Scientists claim to have for the first time revealed the exact mechanism by which anti-malarial drugs kill the malaria parasite.
A team at La Trobe University says its research also helps in understanding how these drugs are developing worrying resistance to a pathogen that kills more than 800,000 children worldwide each year.
Team leader Prof Leann Tilley says that the research,published in ‘Proceedings of the National Academy of Science’ journal,points to new ways of boosting the action of anti- malarial drugs to overcome this drug resistance problem.
Plasmodium falciparum is the most pathogenic human malaria parasite. It afflicts more than 200 million people worldwide. Treatment relies heavily on combination therapies,including artemisinin drug,extracted from the wormwood herb.
Recent reports of decreased clinical effectiveness of artemisinin-based drugs are extremely concerning. It is therefore critical to understand the way artemisinin works so we can overcome the pathogen’s resistance to drug, she said.
The latest research shows that artemisinin targets a point of critical vulnerability in the malaria parasite.
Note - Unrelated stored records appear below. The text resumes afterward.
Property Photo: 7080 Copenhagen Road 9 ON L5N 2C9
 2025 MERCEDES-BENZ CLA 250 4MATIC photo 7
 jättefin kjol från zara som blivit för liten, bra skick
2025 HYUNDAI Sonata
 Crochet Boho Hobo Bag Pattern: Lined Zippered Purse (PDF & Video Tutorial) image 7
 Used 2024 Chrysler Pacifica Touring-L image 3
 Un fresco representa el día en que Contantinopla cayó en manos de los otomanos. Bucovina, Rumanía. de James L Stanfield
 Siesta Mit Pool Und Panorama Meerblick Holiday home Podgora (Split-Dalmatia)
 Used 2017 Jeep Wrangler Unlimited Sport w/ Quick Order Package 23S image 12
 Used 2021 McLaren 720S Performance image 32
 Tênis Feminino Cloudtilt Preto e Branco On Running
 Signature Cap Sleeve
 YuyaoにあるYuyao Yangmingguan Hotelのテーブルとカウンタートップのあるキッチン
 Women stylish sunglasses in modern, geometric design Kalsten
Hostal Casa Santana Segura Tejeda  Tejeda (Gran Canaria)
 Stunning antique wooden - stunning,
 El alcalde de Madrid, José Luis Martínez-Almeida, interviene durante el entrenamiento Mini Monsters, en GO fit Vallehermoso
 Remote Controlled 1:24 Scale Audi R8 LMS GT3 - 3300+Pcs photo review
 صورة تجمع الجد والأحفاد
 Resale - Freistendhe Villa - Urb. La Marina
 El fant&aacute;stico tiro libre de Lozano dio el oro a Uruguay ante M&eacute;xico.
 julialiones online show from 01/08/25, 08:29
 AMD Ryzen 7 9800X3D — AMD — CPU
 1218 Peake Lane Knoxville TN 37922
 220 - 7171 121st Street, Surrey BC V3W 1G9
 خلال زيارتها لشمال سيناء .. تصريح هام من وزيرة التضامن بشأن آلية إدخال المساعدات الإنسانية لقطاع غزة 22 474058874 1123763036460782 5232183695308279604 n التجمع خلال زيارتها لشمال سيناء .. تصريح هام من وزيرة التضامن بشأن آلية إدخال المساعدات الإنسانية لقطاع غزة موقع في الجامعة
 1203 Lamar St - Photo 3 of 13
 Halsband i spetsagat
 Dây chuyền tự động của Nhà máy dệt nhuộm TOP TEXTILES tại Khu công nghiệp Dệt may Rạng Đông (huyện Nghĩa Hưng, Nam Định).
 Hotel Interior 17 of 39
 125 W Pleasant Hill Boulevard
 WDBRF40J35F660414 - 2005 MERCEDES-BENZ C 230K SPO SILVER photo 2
The parasite invades and grows within the red blood cells of its human victims. As it grows it consumes the haemoglobin of the red blood cell and releases an iron- containing pigment,called ‘haem’, Prof Tilley said.
The research also found that supplies of this haemoglobin-derived iron are essential if artemisinin is to destroy the parasite.
Decreasing the production of this iron renders the parasites resistant to artemisinin. We have also shown that the parasite can slow its growth and reduce its haemoglobin uptake rate in response to artemisinin treatment. This helps it avoid the toxic effects of artemisinin, she said.